** Dataset extract **
════════

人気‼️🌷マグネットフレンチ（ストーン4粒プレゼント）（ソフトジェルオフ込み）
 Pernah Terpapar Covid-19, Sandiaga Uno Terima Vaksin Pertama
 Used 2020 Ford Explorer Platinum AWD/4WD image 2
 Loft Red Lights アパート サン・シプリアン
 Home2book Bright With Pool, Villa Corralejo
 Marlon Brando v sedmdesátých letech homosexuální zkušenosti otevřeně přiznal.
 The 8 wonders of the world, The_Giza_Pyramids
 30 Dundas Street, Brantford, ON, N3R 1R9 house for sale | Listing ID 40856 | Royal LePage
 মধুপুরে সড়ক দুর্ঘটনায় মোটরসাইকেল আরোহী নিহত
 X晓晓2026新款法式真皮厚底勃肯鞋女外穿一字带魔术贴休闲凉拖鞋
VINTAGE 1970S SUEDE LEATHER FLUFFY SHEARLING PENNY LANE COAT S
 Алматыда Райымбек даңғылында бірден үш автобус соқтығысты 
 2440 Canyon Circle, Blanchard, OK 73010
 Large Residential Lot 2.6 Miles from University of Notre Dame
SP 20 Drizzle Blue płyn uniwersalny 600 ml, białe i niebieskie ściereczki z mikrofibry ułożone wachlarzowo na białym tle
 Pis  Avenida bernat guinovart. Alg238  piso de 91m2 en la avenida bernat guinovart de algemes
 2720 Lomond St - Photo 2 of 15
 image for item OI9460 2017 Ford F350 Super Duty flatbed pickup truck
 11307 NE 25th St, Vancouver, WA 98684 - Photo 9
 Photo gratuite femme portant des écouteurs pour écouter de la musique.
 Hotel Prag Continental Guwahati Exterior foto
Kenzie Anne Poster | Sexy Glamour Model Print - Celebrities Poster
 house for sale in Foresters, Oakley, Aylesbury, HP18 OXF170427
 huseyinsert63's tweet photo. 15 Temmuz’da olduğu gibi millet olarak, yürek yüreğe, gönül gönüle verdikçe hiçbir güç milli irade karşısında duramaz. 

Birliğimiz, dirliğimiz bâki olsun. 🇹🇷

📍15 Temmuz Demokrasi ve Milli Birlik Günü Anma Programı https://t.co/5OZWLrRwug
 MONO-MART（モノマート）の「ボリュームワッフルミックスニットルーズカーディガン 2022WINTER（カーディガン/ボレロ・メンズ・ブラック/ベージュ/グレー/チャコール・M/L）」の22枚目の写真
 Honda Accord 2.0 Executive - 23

════════

** What to produce **
Which lines above run from the one containing "11307 NE 25th" down to the one containing "Kenzie Anne Poster"? Repeat exactly those, both ends included, and nothing else.

** Answer below **
 11307 NE 25th St, Vancouver, WA 98684 - Photo 9
 Photo gratuite femme portant des écouteurs pour écouter de la musique.
 Hotel Prag Continental Guwahati Exterior foto
Kenzie Anne Poster | Sexy Glamour Model Print - Celebrities Poster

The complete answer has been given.